Node Installation

This guide intends to describe the process of creating a compute node based on Raspbian on a Raspberry Pi 3. You will need a microSD card with at least 4GB and preferably class 10 or better.


Please note that there are images ready to be dumped on a microSD card that will save you the trouble of this guide. This guide is only intended to show what is inside those images and for those who want to contribute and improve this process.


  • Read Notes sections attached to some steps, before using the shell
  • Commands prefixed by “#” are meant to be run as root. Commands prefixed by “$” must be run as a normal user.
  • (...) in code snippets means that could be code before/after the modified lines. That portion of code need to stay unmodified.
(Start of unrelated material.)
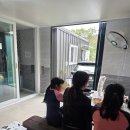 새골 | 경주 애견동반 수영장 펜션 솜마애견풀빌라 내돈내산 후기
1. Install Raspbian on the Raspberry Pi

You can check the steps here

1.1. Upgrade to stretch

Change repositories and upgrade system:

echo "deb stretch main contrib non-free rpi" > /etc/apt/sources.list
echo "deb stretch main ui" > /etc/apt/sources.list.d/raspi.list
apt update
apt upgrade

2. Install the required software

2.1. Install required packages

apt install snapd bridge-utils python-pip python-ws4py git ruby genisoimage
pip install idna==2.5
pip install pylxd==2.0.5
pip install isoparser

2.2. Disable apparmor service

Apparmor can cause problems when installing packages via snaps. You can stop it and disable it from automatic start by executing:

systemctl stop apparmor.service
systemctl disable apparmor.service

2.3. Install LXD as Snap

snap install lxd --channel=2.0/stable

Some apps like pylxd and LXDoNe will assume lxd is installed on /var/lib/lxd. Because we are using LXD through a snap, the installation folder is in another location, so we will create a symbolic link for compatibility with pylxd and LXDoNe.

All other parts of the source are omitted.